■ **What to do**:
After finding the line with "2022-08-28 - Head" in the entries below, retype exactly each line from there through the line with "7701 E Yacht Drive Oak Island NC 28465", including that final line.

Records section start

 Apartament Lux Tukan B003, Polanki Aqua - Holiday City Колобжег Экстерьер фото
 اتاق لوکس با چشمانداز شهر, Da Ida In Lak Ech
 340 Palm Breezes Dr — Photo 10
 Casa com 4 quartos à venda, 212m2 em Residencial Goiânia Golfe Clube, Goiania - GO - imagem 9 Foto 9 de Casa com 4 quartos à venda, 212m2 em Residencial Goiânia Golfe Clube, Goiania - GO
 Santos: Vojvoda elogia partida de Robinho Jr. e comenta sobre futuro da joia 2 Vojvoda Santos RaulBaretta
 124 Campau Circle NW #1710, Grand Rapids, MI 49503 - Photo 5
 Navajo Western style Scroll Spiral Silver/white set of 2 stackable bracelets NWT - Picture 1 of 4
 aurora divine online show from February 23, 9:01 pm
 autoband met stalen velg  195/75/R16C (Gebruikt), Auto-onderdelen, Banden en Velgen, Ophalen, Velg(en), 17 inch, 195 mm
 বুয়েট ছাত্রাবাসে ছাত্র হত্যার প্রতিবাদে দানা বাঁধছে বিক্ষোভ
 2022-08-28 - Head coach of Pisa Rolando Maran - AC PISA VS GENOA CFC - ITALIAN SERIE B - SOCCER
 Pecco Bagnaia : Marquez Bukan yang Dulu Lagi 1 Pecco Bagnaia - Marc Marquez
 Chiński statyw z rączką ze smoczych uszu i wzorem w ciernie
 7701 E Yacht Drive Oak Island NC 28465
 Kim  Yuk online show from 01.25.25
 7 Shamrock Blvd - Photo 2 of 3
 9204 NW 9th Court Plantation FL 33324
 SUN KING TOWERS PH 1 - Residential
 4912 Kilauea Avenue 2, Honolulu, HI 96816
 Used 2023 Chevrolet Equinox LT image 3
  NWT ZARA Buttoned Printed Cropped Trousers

Records section end

■ **Answer for the task**:
 2022-08-28 - Head coach of Pisa Rolando Maran - AC PISA VS GENOA CFC - ITALIAN SERIE B - SOCCER
 Pecco Bagnaia : Marquez Bukan yang Dulu Lagi 1 Pecco Bagnaia - Marc Marquez
 Chiński statyw z rączką ze smoczych uszu i wzorem w ciernie
 7701 E Yacht Drive Oak Island NC 28465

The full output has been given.